Preparing to move always has a way of getting me to consider the nature of the physical portion of my life i.e., the stuff that I have in it. We pack everything up and it gets taken to the new location, where it either gets unpacked or perhaps simply left in its container until the next time we move, at which point we pry open the box, realize that it matches what is on the outside, and then seal it up to move on to the next place.
And as Charles Swindoll has noted, we seem to gain stuff as we move through life. We start with what will fit in a car, then seem to move up to a truck, then a small U-Haul, then a larger U-Haul, until finally we need a semi-to take our stuff.

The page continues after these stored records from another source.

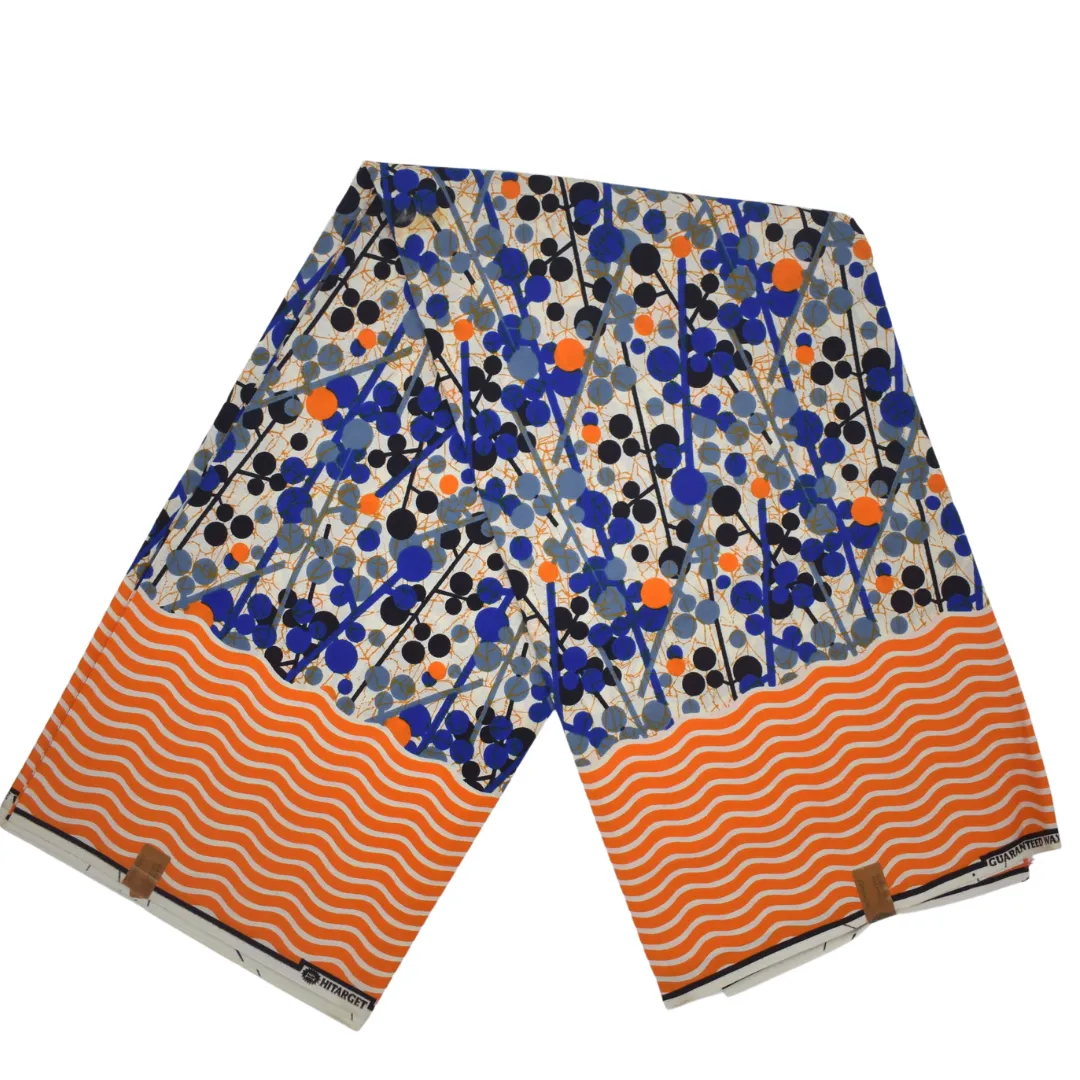 African Print  blue and orange algae - CA167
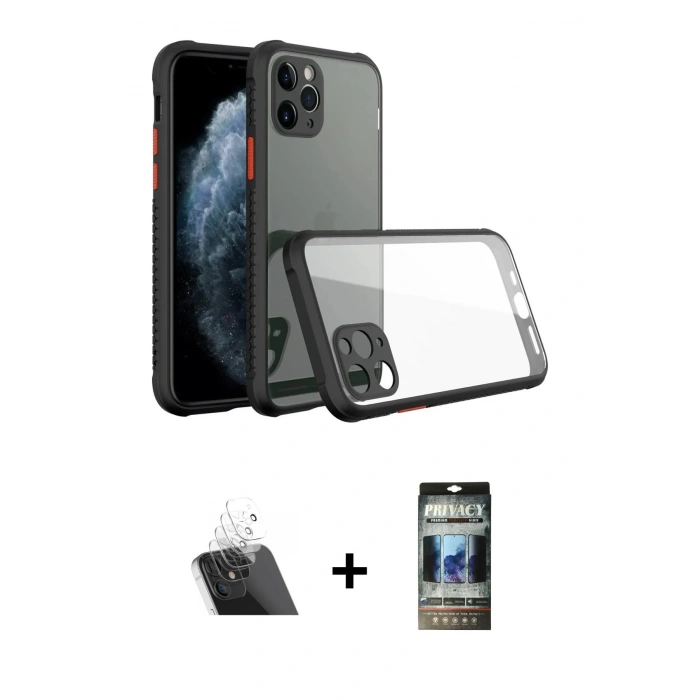 MARSİLYAN™- iPhone 11 Pro Kılıf Nova Asil Özel Seri - Siyah 34D Hayalet Izgaralı Cam + Kamera Lens Koruma Cam - SF
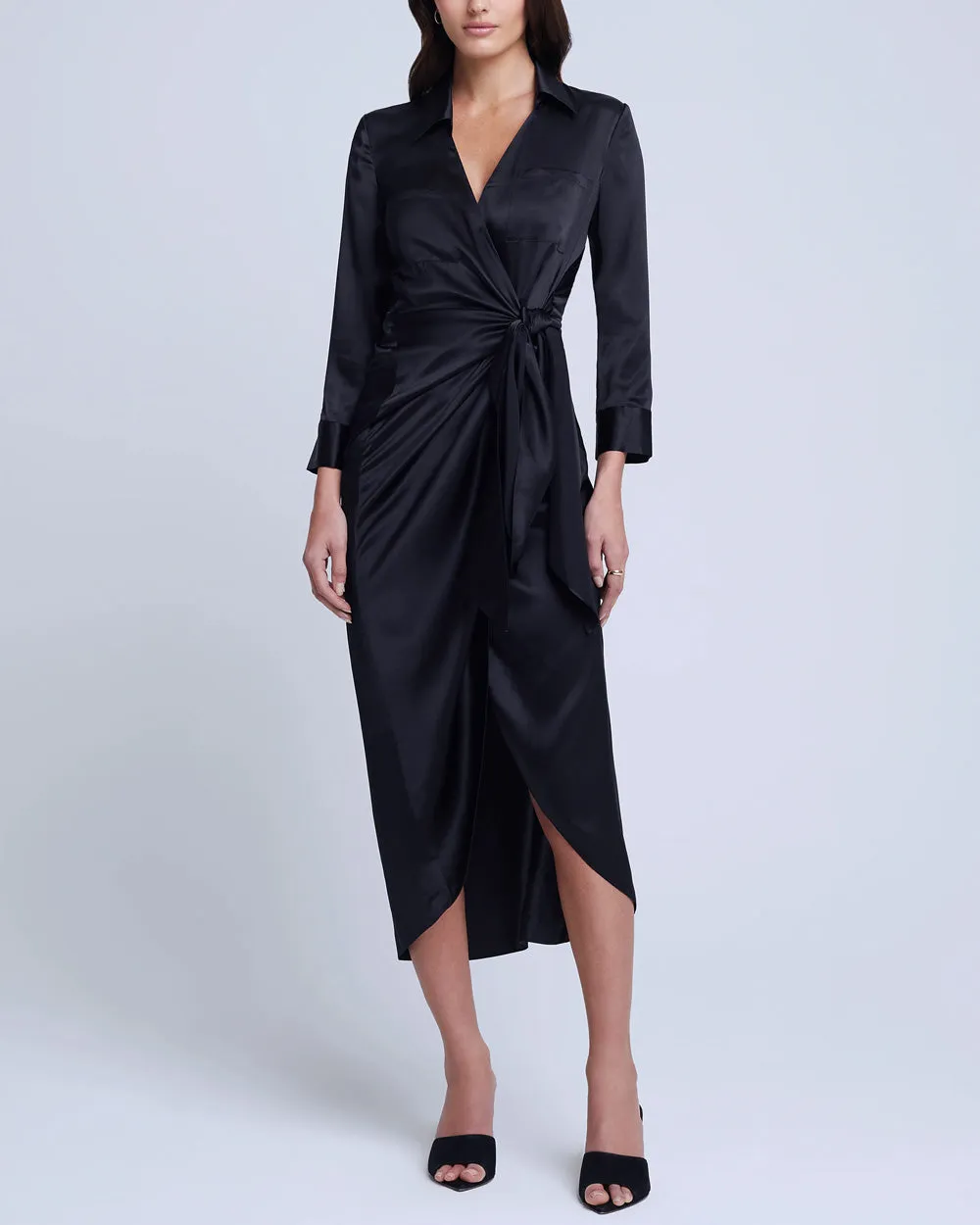 Black Kadi Long Wrap Dress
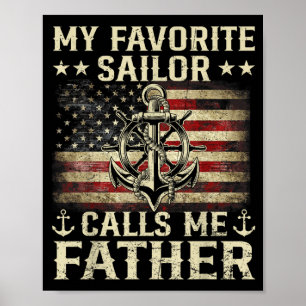Lieblingsmatrose ruft Vater Flagge Familie Matchin Poster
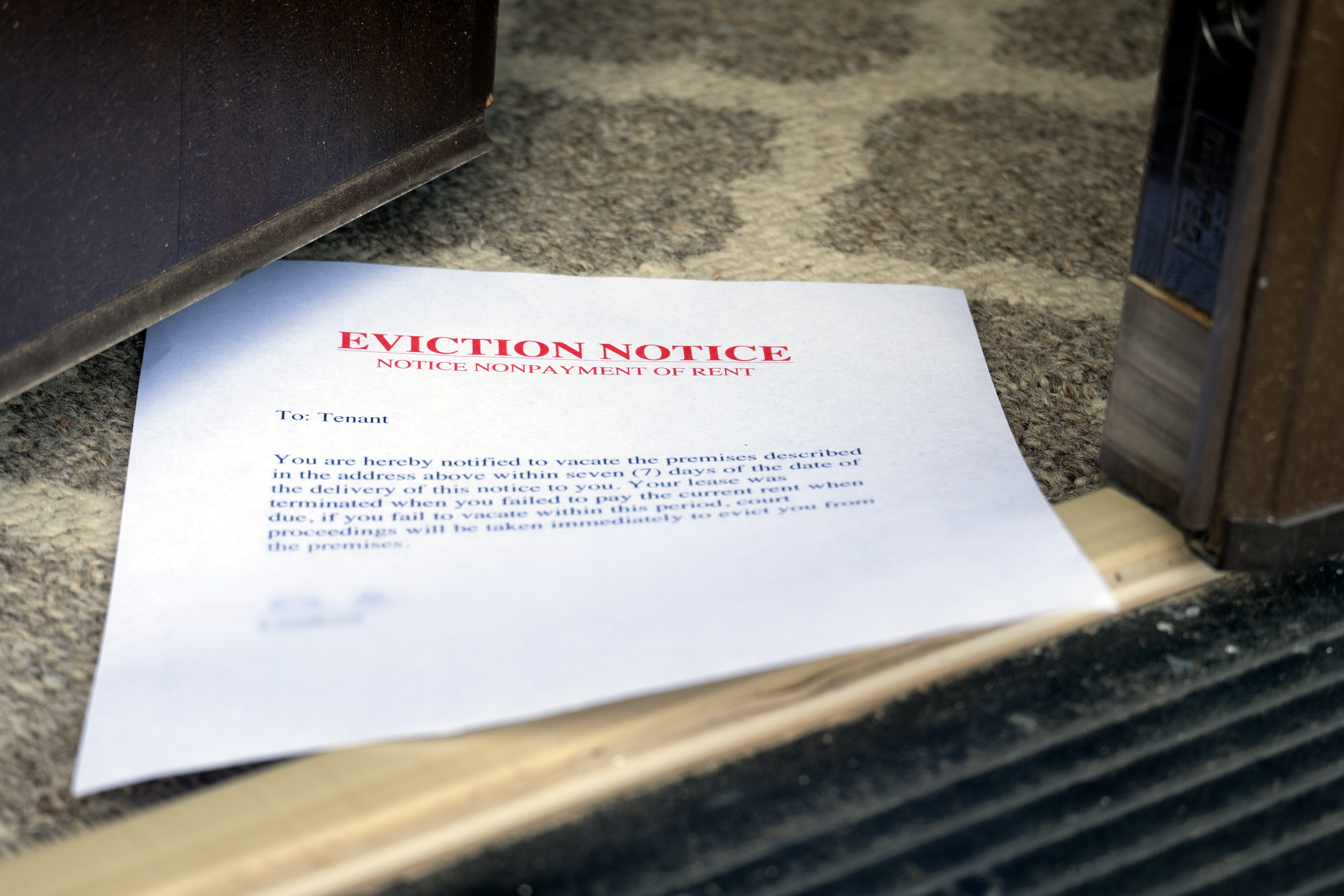 Image Stock image of an eviction notice by a door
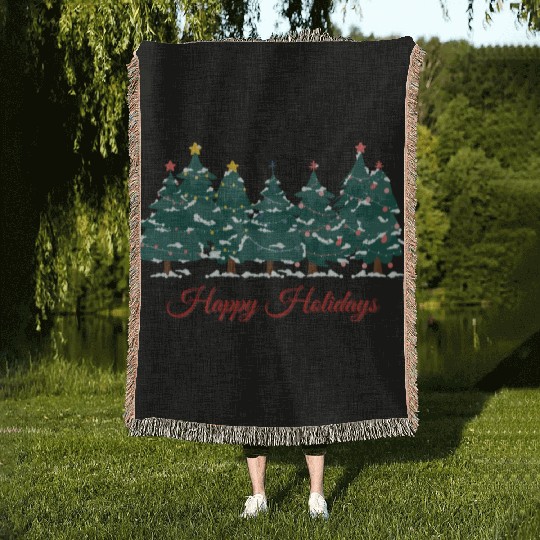 Happy Holidays Woven Blankets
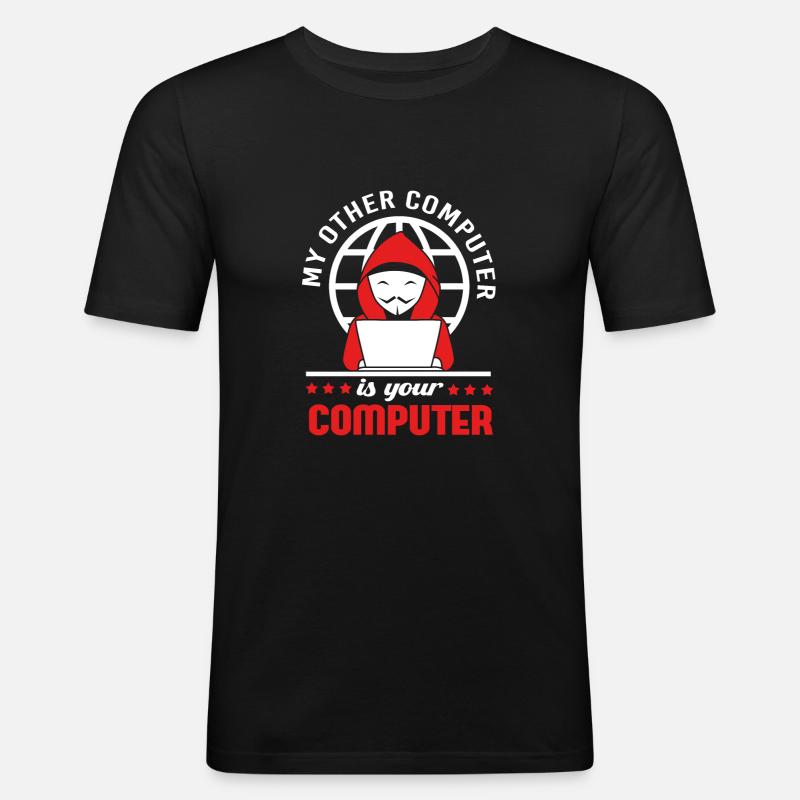 Cyber programmeur cybersécurité Hacker - T-shirt près du corps Homme - noir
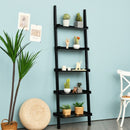 5-Tier Wall-leaning Ladder Shelf  Display Rack for Plants and Books-Black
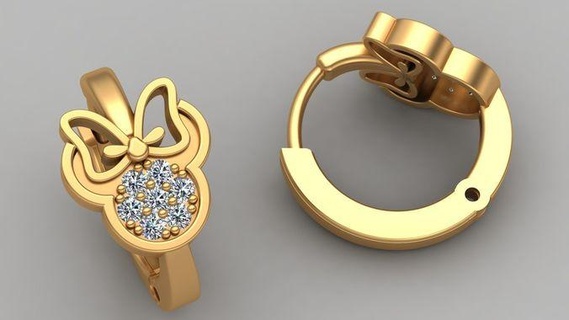 Minnie Maus Kind Gold Ohrring Schmuck Diamant Juwel mickey Kinder 18k druckbar 3d Modell Mini Mode Ohrringe 3d print model - Mito3D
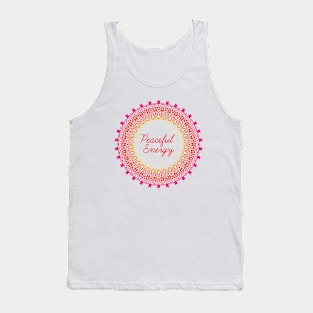 Peaceful Energy - Yoga Meditation Captions Mandala Illustration Print Design GC-092-24 Tank Top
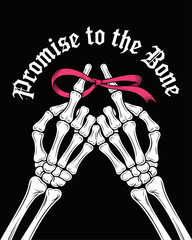 Skeleton hands pinky promise with red ribbon bow and gothic quote Promise to the Bone on black background vector illustration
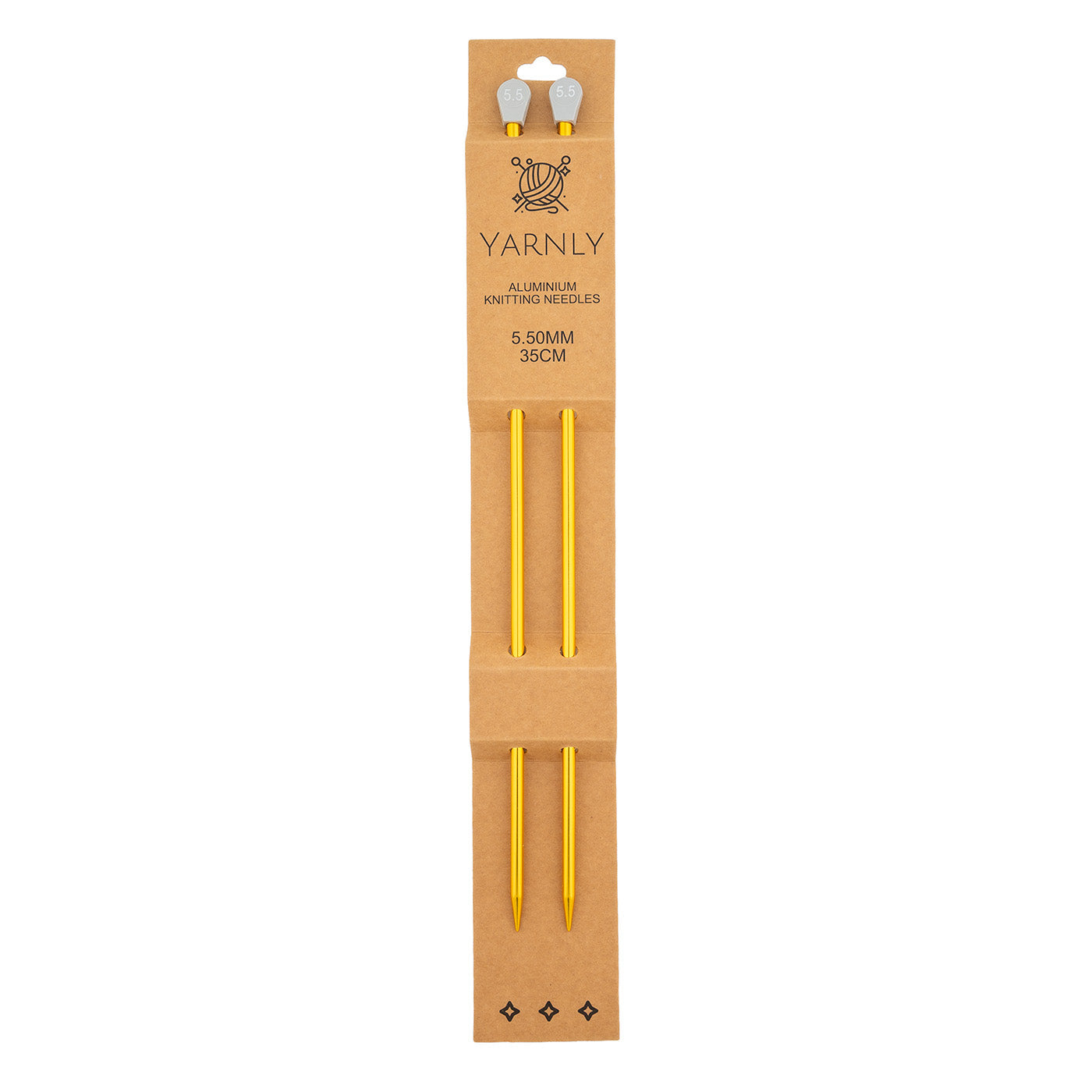 Yarnly - Aluminium Knitting Needles - Single Pointed - 5.5mm x 35cm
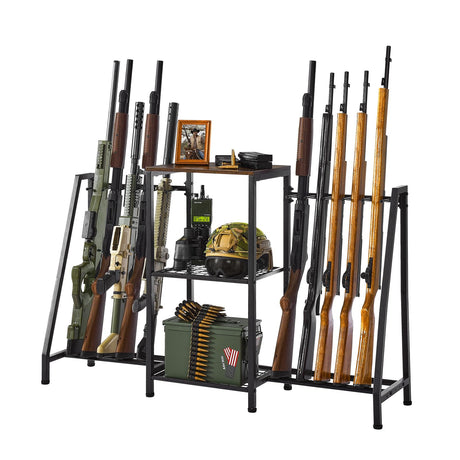 DGWJSU Gun Rack, Rifle Rack with Gun Storage Solutions, Indoor Standing Floor Shotgun Rack, Shooting Clubs, Hunting Range, Holds Up to 10 Long Guns and Gun Accessories Organizer DGWJSU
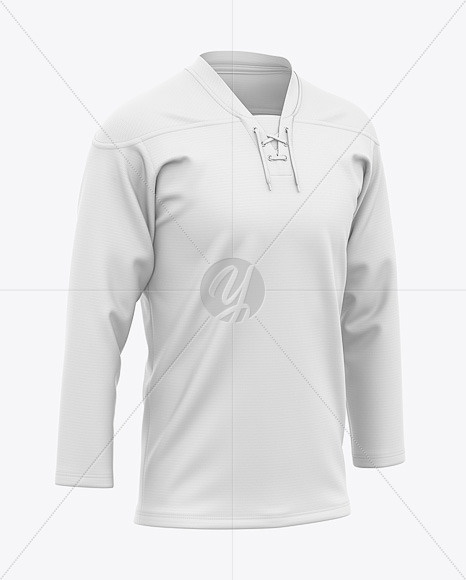 Download Men S Lace Neck Hockey Jersey Mockup Front Half Side View In Apparel Mockups On Yellow Images Object Mockups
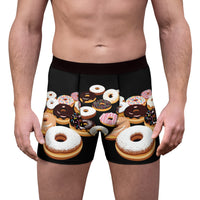 Donut Print Boxer Briefs — Men's Fun Donuts Pattern Underwear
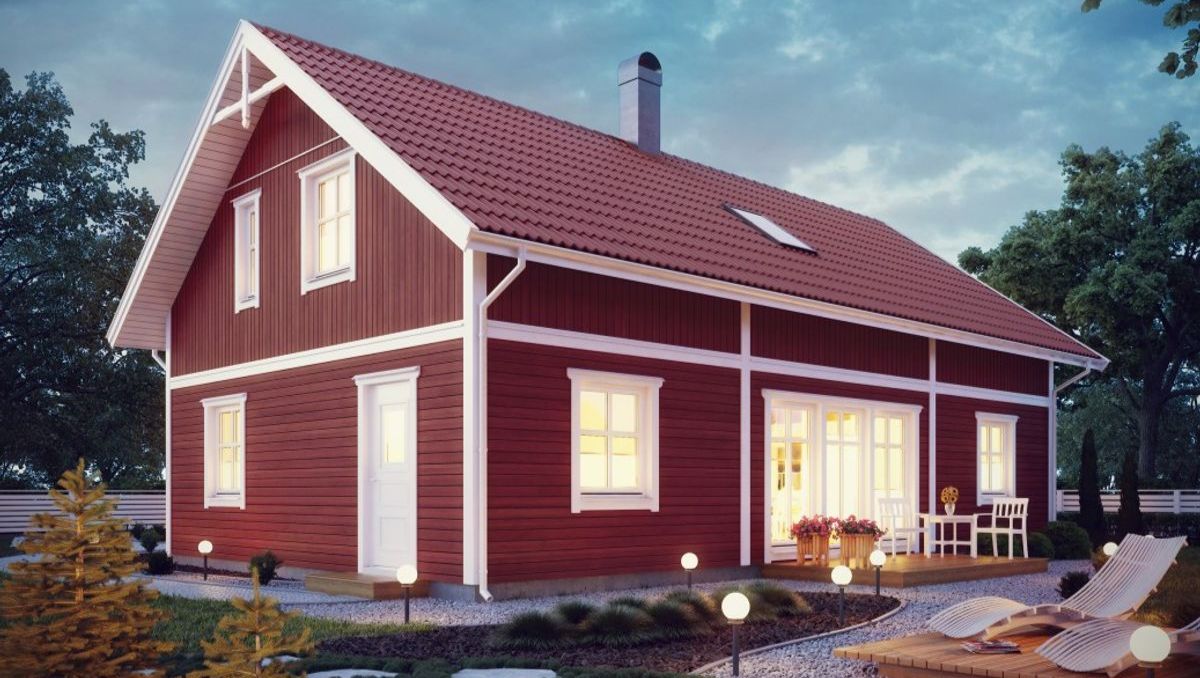 Tradisjonelt rødt trehus fra Eksjöhus på Østlandet.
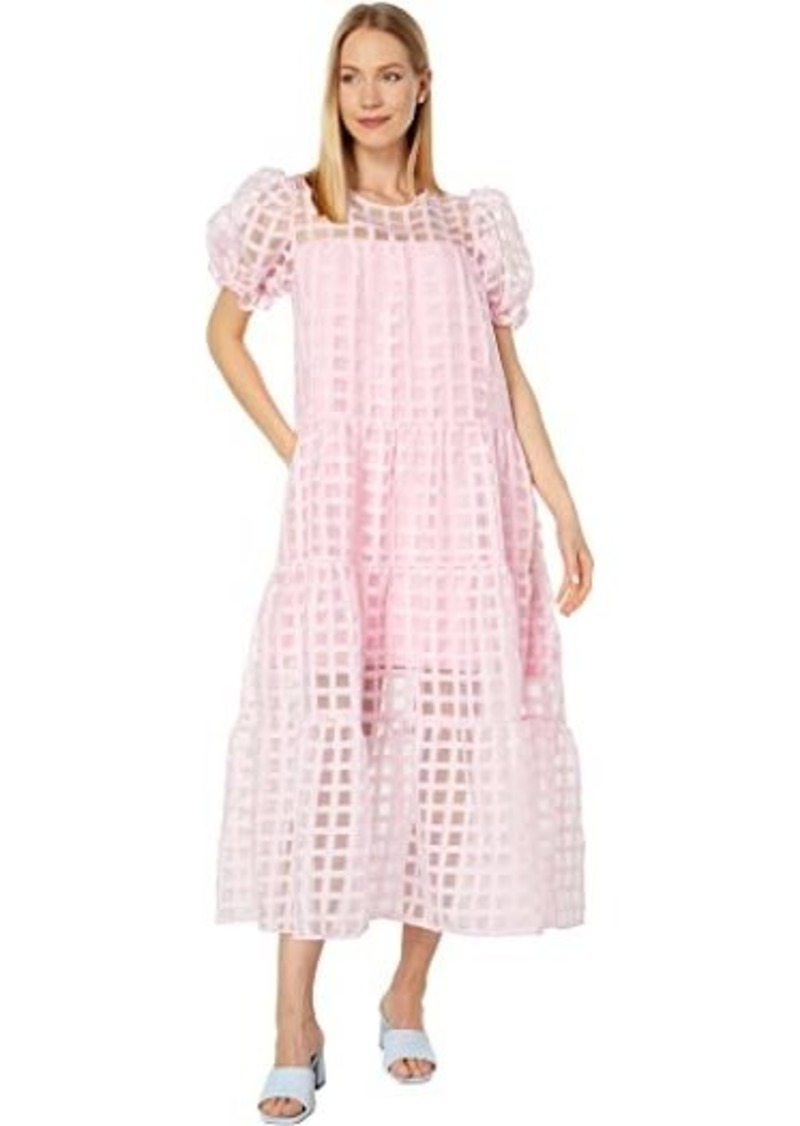 English Factory Organza Gridded Puff Sleeve Maxi Dress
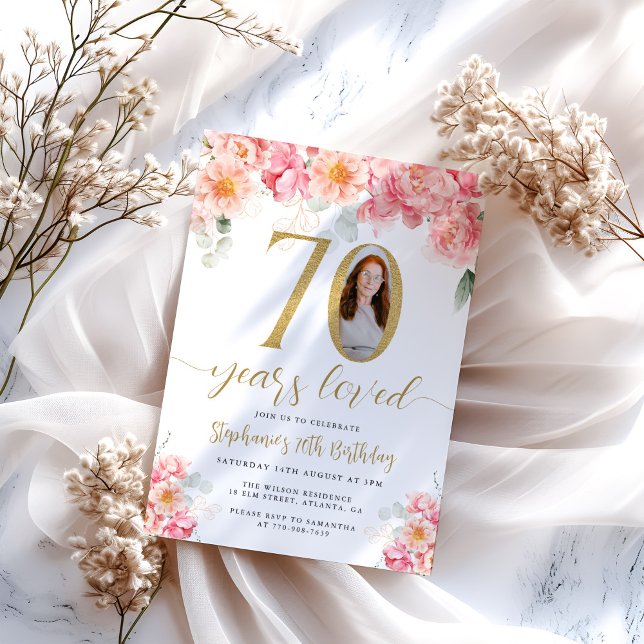Pink and Gold Floral Photo 70th Birthday Invitation (Creator Uploaded)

This thought process has taken a poignant ring to it as, two nights ago, Fear Beag's grandparents home burned to the ground. It was totally destroyed. At least 6 decades of stuff - of memories and life - is now ashes.
It gave me pause yesterday as he let me know and I sorted through the fact. What would happen if our home burned tomorrow? Everything we spent years acquiring and carting back and forth, including halfway across the country, would simply be gone. Certainly we have homeowner's insurance and so would get our money, but that hardly replaces the real value - measured by comfort and sentiment - that such things have come to acquire.
The odd thing - odd to me at least - is that I like to pretend that I eschew the concept of being a person about stuff - yet here I am, swimming in it. There are passing moments that I consider simply becoming a nomad - the times that I have had very little with me, as when I first moved to New Home or even when I attended seminar this month - have been some of the most clear and thoughtful times of my life. Why? With little stuff the mind is free to spend its time on other things. As Randy Alcorn says, It's like a balloon: once releases from being tied down, it's free to soar.
Will I ever become the yurt-dwelling nomad of my occasional flights of fancy? I doubt it - I am too much of a book lover to ever really become a man of truly few possessions. But hopefully I can at least become more mindful both of what I think I need and the fact that this stuff is ultimately not going to be here forever. Yes, we should care for that which we have been given, but let us never confuse that care with the concept that it will be with us forever. Let us seek to define ourselves by the character of our lives and not the collection of our things.